> YOUR INSTRUCTIONS: In the records below, take the line with "18328 Baldwin Road" and all lines after it, and copy them exactly, pictures excluded.

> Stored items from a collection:
=== Section Start ===

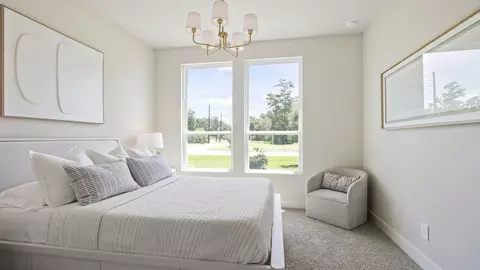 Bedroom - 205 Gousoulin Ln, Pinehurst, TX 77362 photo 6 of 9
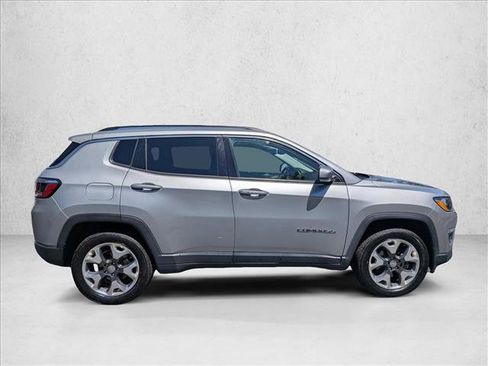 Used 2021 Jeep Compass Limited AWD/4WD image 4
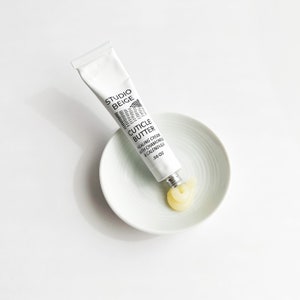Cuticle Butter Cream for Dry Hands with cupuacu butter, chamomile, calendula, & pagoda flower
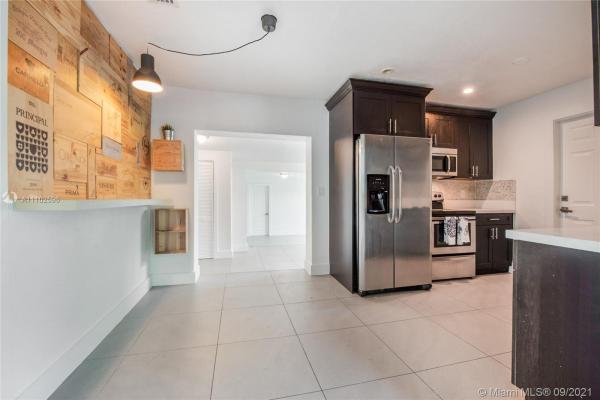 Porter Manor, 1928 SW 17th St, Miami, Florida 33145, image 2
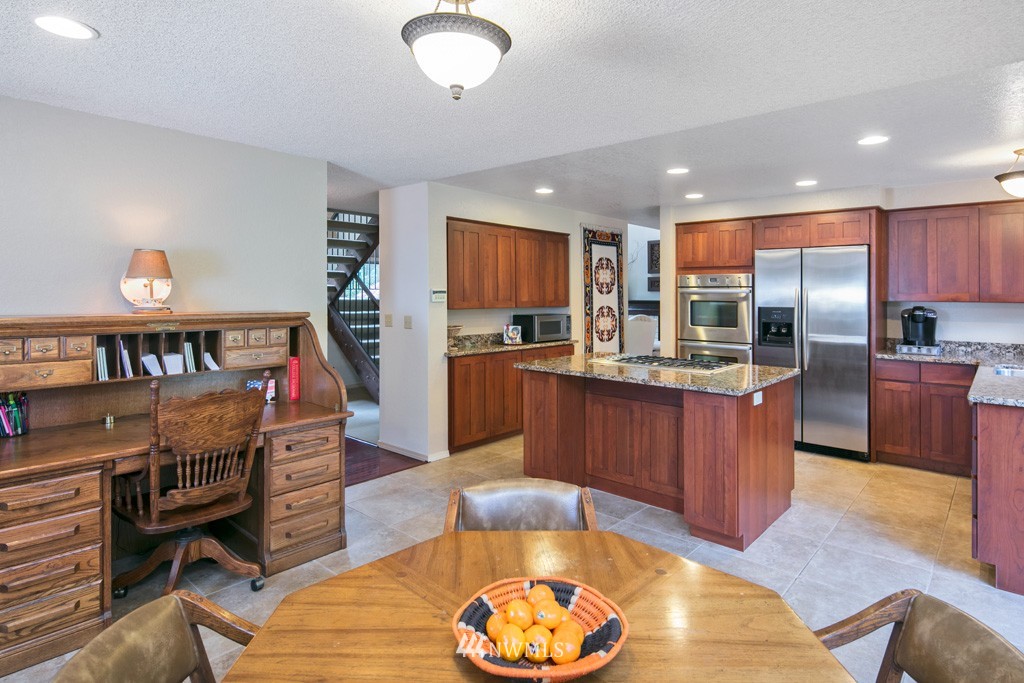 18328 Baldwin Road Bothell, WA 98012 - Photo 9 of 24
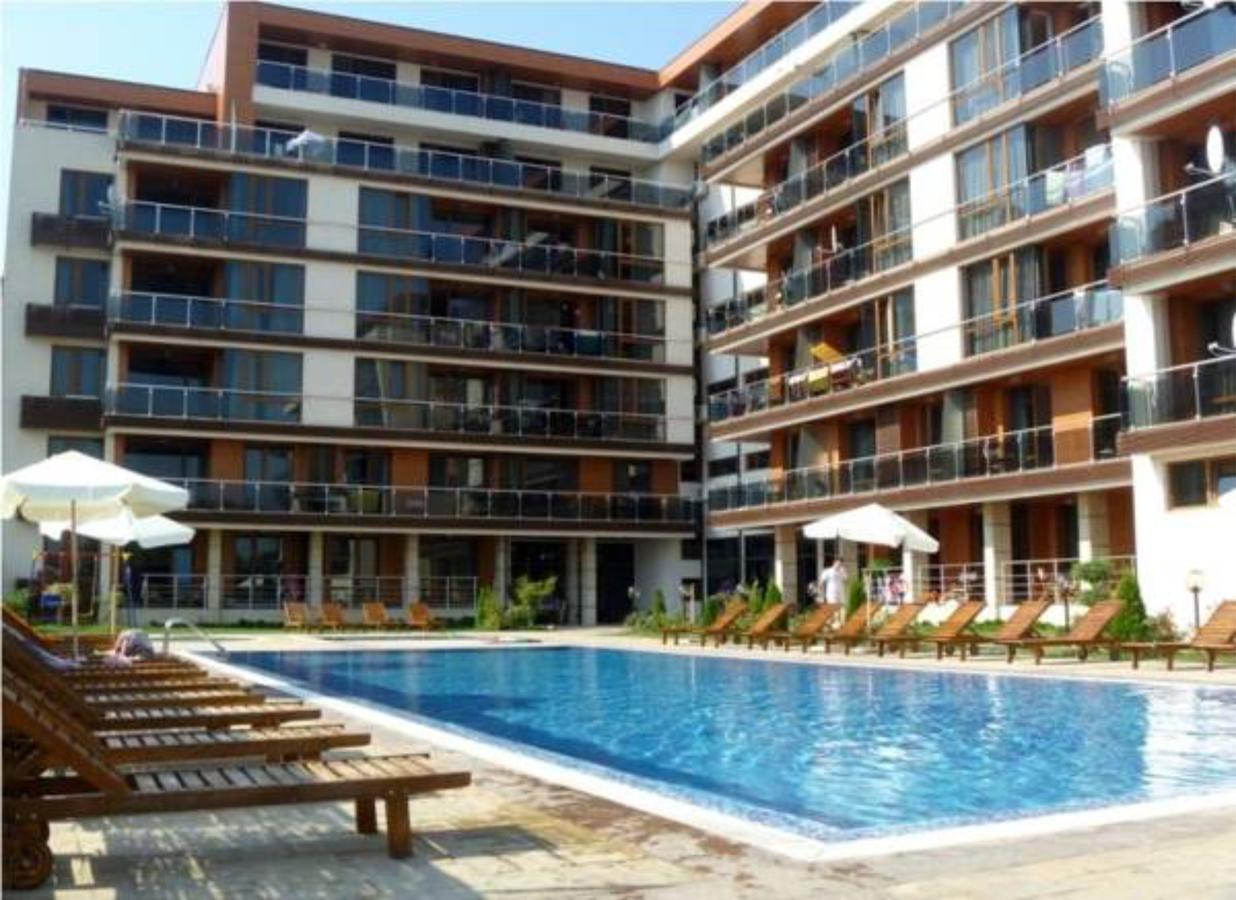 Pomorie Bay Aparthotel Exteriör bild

=== Section End ===

> ANSWER BOX:
 18328 Baldwin Road Bothell, WA 98012 - Photo 9 of 24
 Pomorie Bay Aparthotel Exteriör bild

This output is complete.